# Magic AND Technology



## ChrisNGibbs (Sep 18, 2014)

I've been building a world where magic and technology does exist together in a modern-day setting. I want both sides to be evenly matched with one another. I want to make it possible for this happen.


----------



## Jabrosky (Sep 18, 2014)

It may depend on your magic system, but I would think having magic around would make a lot of modern technology redundant. For example, instead of airplanes or flamethrowers, you would have magic portals or mages throwing fireballs. Isn't there an old spec-fiction adage that sufficiently advanced technology is practically indistinguishable from magic?


----------



## WooHooMan (Sep 18, 2014)

Jabrosky said:


> It may depend on your magic system



This is so true that this thread could just end right here.

The way I look at it is that magic is a process while technology is a tool.  I think the two can work together just fine but both need to be defined.

"





Jabrosky said:


> For example, instead of airplanes...you would have magic portals



In this example, I would say the portal itself would be technology that is powered with magic.  In the same way that a light bulb is technology powered with electricity.
Straight teleportation, on the other hand, is probably all magic with no tech.
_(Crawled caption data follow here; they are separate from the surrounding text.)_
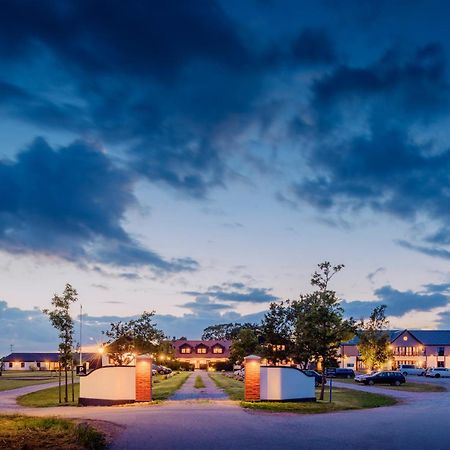 Abbekås Hotell Mossbylund מראה חיצוני תמונה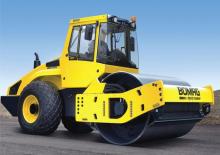 Rouleaux monocylindres Bomag BW 213 D-4i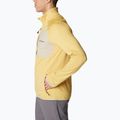 Columbia pánska trekingová mikina Triple Canyon Full Zip žltá 2031311 4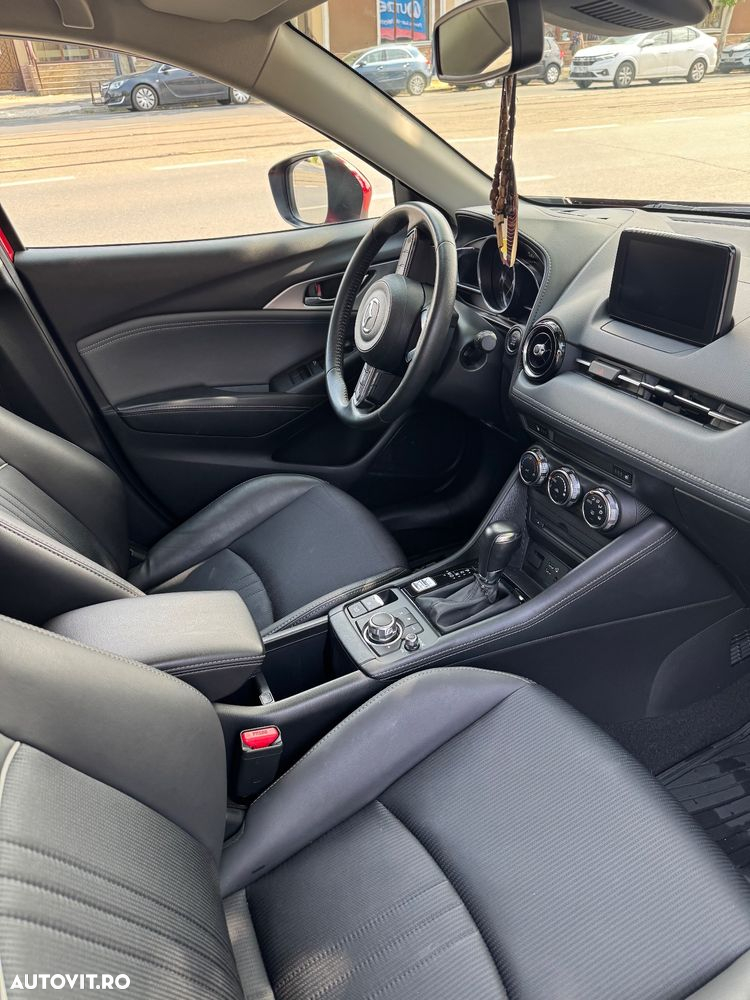 Mazda CX-3 G121 4x2 AT Attraction - 13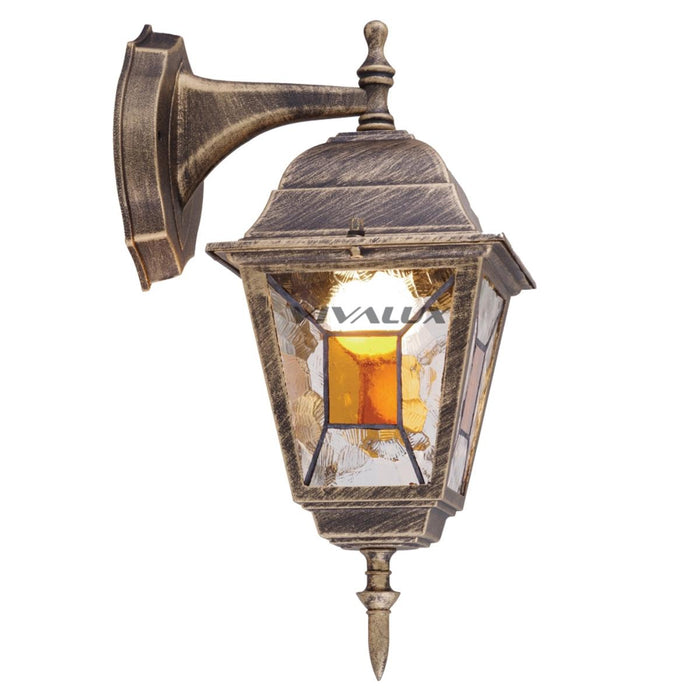 WALL FAN MURANO UPPER BRASS BRACKET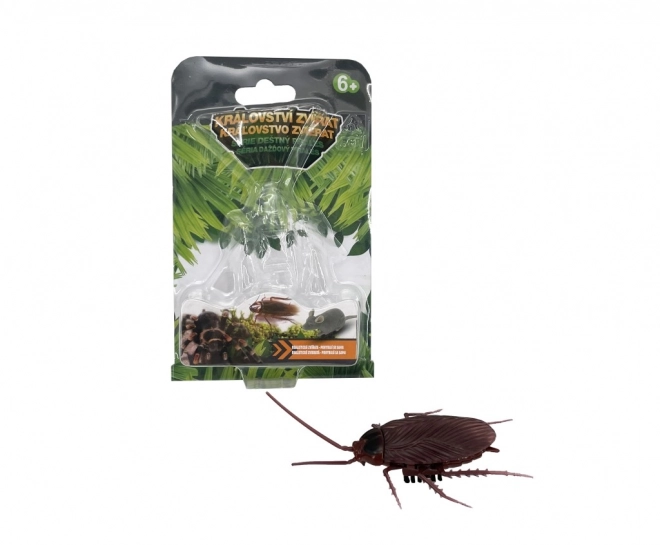 Kruipende kakkerlak speelgoed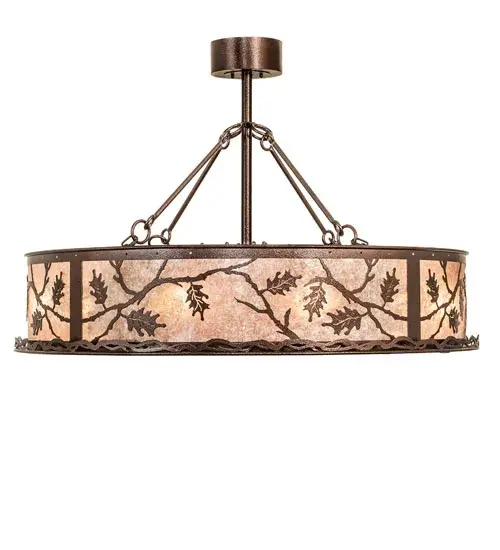 The Oak Leaf by Meyda Lighting - Image 5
I think the idea that the two are incompatible  or "substitutable" comes from the fallacy that technology is incompatible with nature (with magic seen as a natural phenomenon).  You'd have to get passed the notion and see magic as a natural resource that can be utilized with technology.


----------



## Bortasz (Sep 18, 2014)

And what are you problems? 
were you see a problems? 

Now We know that you want this to be true. Tell us more so we can help you more.


----------



## wordwalker (Sep 18, 2014)

To put it another way: what in your world has made the forces "evenly matched" rather than completely integrated with each other?
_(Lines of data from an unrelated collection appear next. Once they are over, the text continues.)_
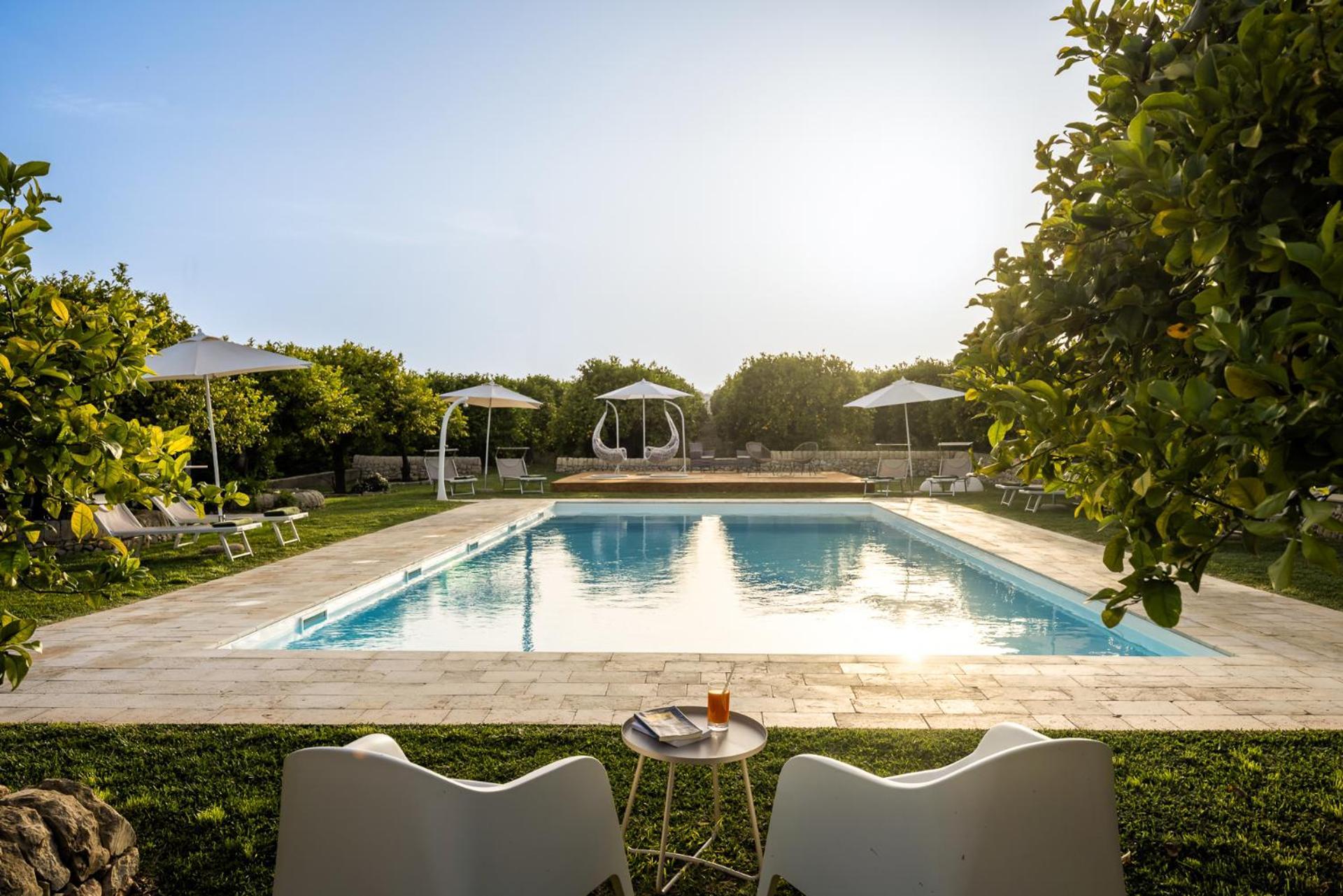 נוטו Fiore Di Vendicari B&B - Sicilian Charme, Lemon Grove And Sea מראה חיצוני תמונה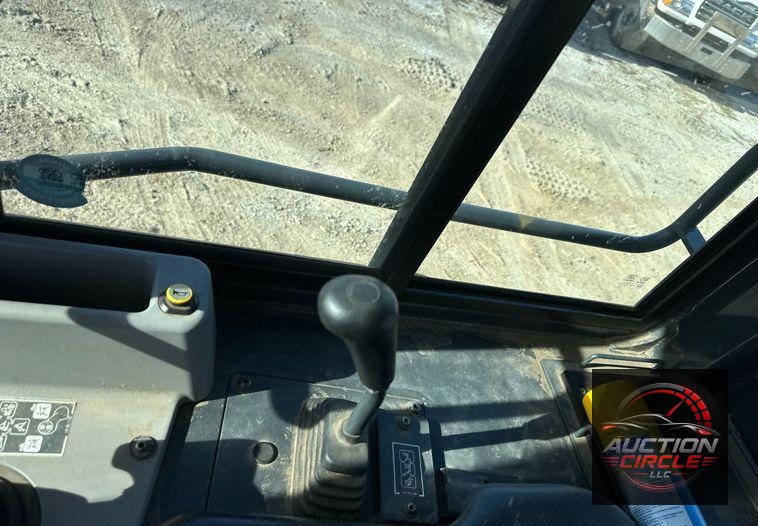 2016 Komatsu D61PX dozer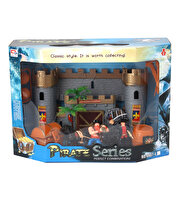 Korsan Kalesi Oyun Seti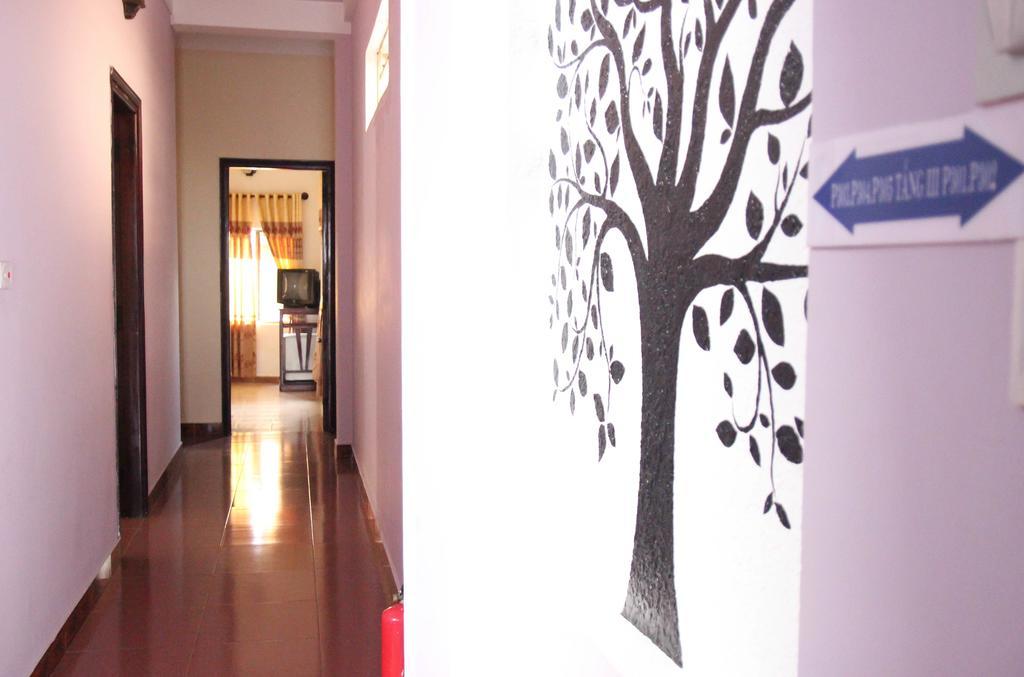 Cozy Hue Hotel Exteriör bild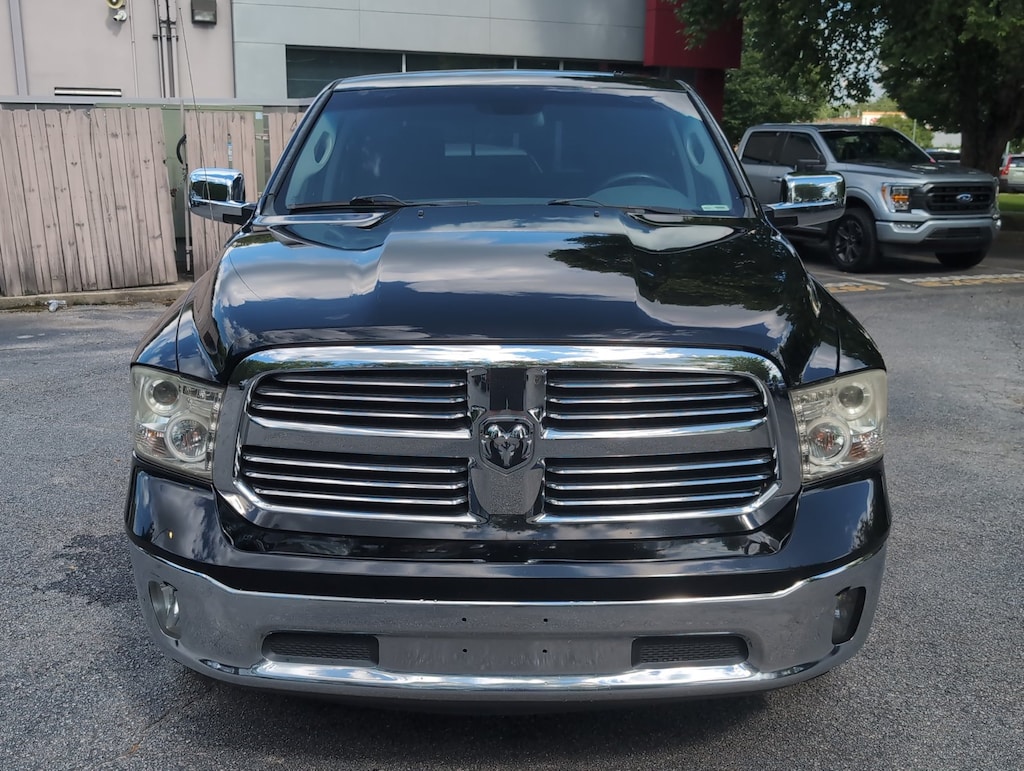 Used 2014 Ram 1500 Big Horn Crew Cab Pickup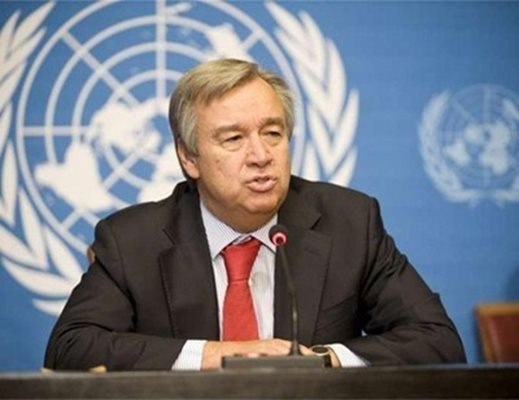 ООН спря помощта за регионите на Украйна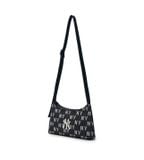  Túi Đeo Chéo MLB Classic MONOGRAM Jacquard Cross Bag NEW YORK YANKEES 3ACRM015N-50BKS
In many modern stories, magic is hidden from the public (or was until recently, eg _True Blood_). If one side hasn't been able to get at magic and the other has, then it's a matter of giving the nonmagic side enough money and influence to balance the other's magic with armed mercenaries, spy drones, and other fun things. The more power one side has with magic, the more the other needs.

(And it probably can't be magic "vs" tech, at least not forever. Even if one side hates the other's power source, sooner or later they'll start seeing ways to use pieces of it, if only by working with the right people.)


----------



## Bortasz (Sep 18, 2014)

Also look add this world:
Eberron
https://www.google.pl/search?q=Eber...vmyQPZjYHoCg&ved=0CAgQ_AUoAQ&biw=1280&bih=899

Were low level magic is common,


----------



## Feo Takahari (Sep 18, 2014)

I'll start off with the question of what the conflict is. Springhole is incredibly condescending as usual, but they make some good points: 



> If you actually know what science is and how it works, the concept of "harmonizing science and magic" sounds about as exciting and revolutionary as harmonizing spiral binders and poetry . . . _f magic existed as depicted in most fantasy stories, there would be a branch of science dedicated to figuring out just how and why it worked. Scientists would not deny its existance [sic] simply because they had no explanation for it yet - they would spend years, even lifetimes, working on figuring it out._


_

With that said, the most sophisticated take on this I've seen is The Longest Journey, which doesn't even try to give science the raw power of magic. Science's advantage is that it's science--A is A, repeatable results, if you don't understand it then study it until you do. Magic isn't something you use so much as something you set loose, and you can't rely on it to consistently do what you want. Even though magic can do things science can't, science can mass-produce and engineer in complex ways that would be likely to blow up in your face if you tried them magically.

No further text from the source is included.